White Paper

Observability in the Cloud Operating Model with Splunk

Fast-track multi-cloud success with Splunk and HashiCorp. In this white paper, we look at the implications of multi-cloud requirements and recipes to achieve the full potential of multi-cloud with Splunk and HashiCorp, with a focus on Observability across multiple clouds.

Executive summary

Digital market shifts are propelling organizations in every industry to adopt cloud. As organizations strive to improve customer experience, increase innovation velocity and rapidly scale digital applications, the cloud becomes a key initiative. As explained in the Cloud Operating Model, moving to cloud provides opportunities to rapidly deploy dynamic services, achieve practically unlimited scale, improve developer agility, and bolster application resilience.

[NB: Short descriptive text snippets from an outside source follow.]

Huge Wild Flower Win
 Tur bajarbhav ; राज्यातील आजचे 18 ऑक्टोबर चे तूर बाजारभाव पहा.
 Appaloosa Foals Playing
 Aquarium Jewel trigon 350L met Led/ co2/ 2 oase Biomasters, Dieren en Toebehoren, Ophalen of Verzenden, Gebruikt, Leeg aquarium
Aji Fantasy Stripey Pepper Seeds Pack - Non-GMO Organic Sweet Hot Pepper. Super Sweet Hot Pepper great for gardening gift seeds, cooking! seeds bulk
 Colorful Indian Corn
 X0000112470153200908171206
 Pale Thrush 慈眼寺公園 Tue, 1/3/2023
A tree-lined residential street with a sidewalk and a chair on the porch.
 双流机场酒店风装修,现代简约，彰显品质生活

Despite the promise of transformational results, enterprises struggle to gain the full value of multicloud environments. In fact, in some cases, siloed approaches in the hybrid, multi-cloud world may result in more complexity, slower innovation and higher costs than it did before cloud migration. The challenge begins with a lack of deep visibility into applications, cloud infrastructure and services across multi-cloud and hybrid environments before, during and after cloud migrations.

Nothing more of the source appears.